Andrzej Zieja: Muszę się pozbyć metalu z kości

Andrzej Zieja w ubiegłym sezonie był prawdziwą podporą rawickiej lokomotywy. Niestety, nie było mu dane odjechać całego sezonu, gdyż 26 lipca na torze w Rawiczu podczas półfinału MPPK zanotował groźnie wyglądający upadek. Był on na tyle poważny, iż konieczne było natychmiastowe przetransportowanie drogą lotniczą do wrocławskiego szpitala.

"Adek" wyzdrowiał szybciej niż spodziewali się tego lekarze i pod koniec 2007 roku rozpoczął przygotowania do rozgrywek ligowych Anno Domini 2008. W przedsezonowych sparingach prezentował się bardzo dobrze, formą błysnął w testmeczu z Włókniarzem Częstochowa, w którym to w trzech startach zdobył 9 punktów. Kibice spodziewali się, że Andrzej wraz z Ronniem Jamrożym oraz Piotrem Dymem będą stanowili trzon drużyny, na wypadek słabszej dyspozycji Grzegorza Knappa czy Marcina Nowaczyka. Jak pokazał czas, z całej piątki na miarę oczekiwań jeździ tylko Jamroży.

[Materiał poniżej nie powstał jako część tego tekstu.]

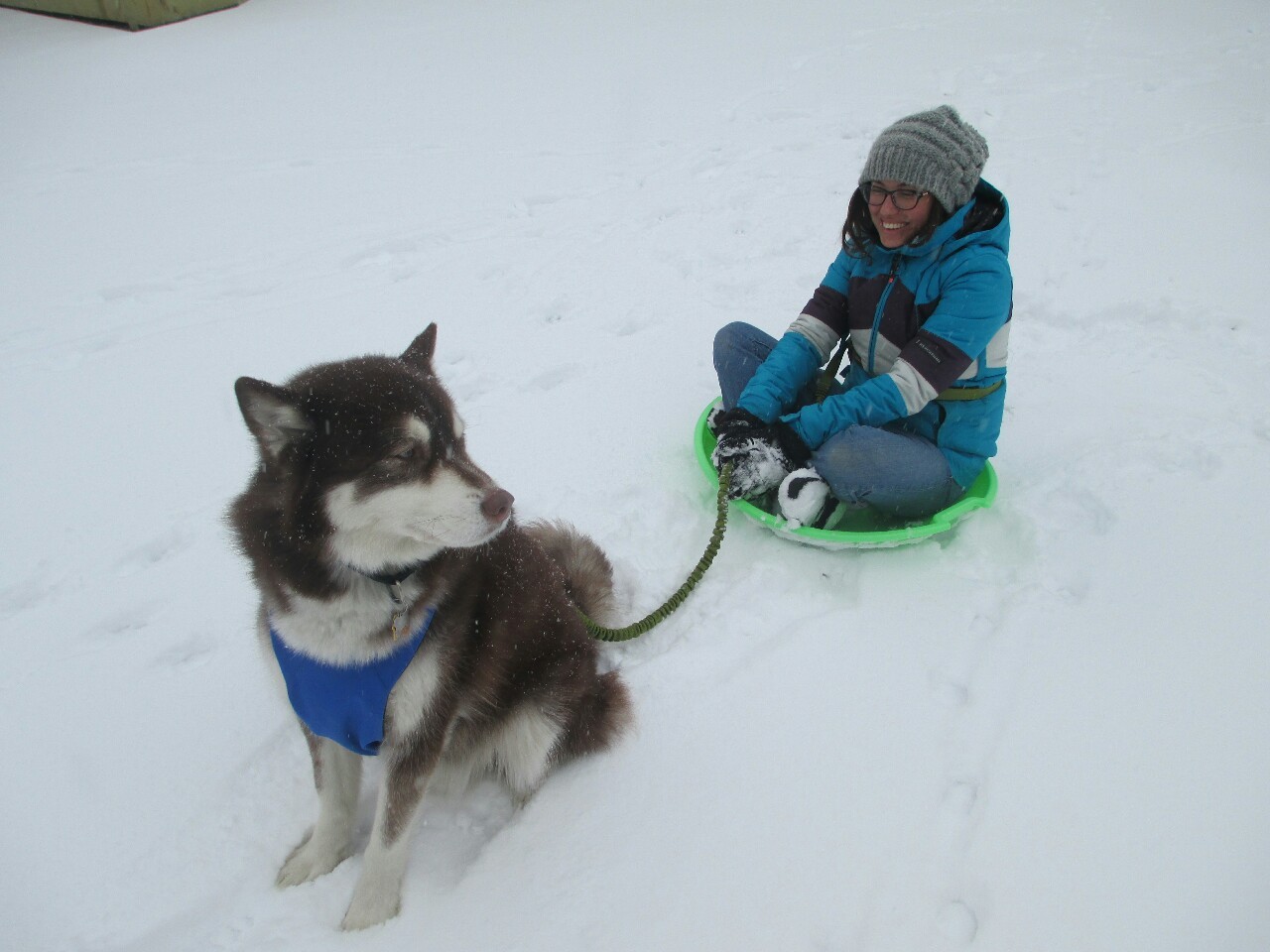 hotdiggitydog-blog:  Nope, no way, not gonna happen. Not for all the treats in the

Warto wspomnieć, że przed sezonem rywalizacja o miejsce w składzie Niedźwiadków była ogromna. O pięć miejsc seniorskich walczyło dziewięciu zawodników. Jednym z tych, którzy nie załapali się do składu na pierwszy mecz wyjazdowy w Ostrowie, był właśnie Zieja. Wrocławianin nie krył swego niezadowolenia, czemu nie można się dziwić. Cierpliwie czekał na swą szansę, którą otrzymał w meczu 2. kolejki, 13 kwietnia br., kiedy to Kolejarz podejmował na własnym torze GTŻ Grudziądz. Wówczas to Zieja nie zdobył nawet punktu, a w kluczowym biegu dnia (V gonitwa, kiedy to jechał wraz z Jamrożym na 5:1) przytrafił mu się defekt motocykla. Kolejną szansę otrzymał 11 maja na torze w Gdańsku. Tam po pierwszym nieudanym biegu podszedł do trenera Henryka Jaska i poprosił o to, by być zastępowanym do końca zawodów. Od tamtego czasu ulubieniec rawickiej publiczności nie przyjeżdżał na treningi i nie przywdziewał plastronu z niedźwiadkiem.

Wielu kibiców Kolejarza nurtuje pytanie: Co dzieje się z Andrzejem? Na trybunach aż roi się od plotek mówiących o tym, że 27-latek zakończył karierę. Tak się jednak nie stało. Co warte podkreślenia, Andrzej chce wrócić do speedwaya. -Nie wiem czy uda mi się to w tym roku, jeśli nie, to na pewno w następnym. Muszę pozbyć się metalu z kości. Wtedy będę chciał mocno "uderzyć" i albo mi to wyjdzie, albo upadnę całkiem- wyjaśnia nie owijając w bawełnę "Adek".

Nam nie pozostaje nic innego, jak życzyć wychowankowi WTS-u Wrocław powodzenia w całkowitym wyleczeniu i szybkiego powrotu na tor!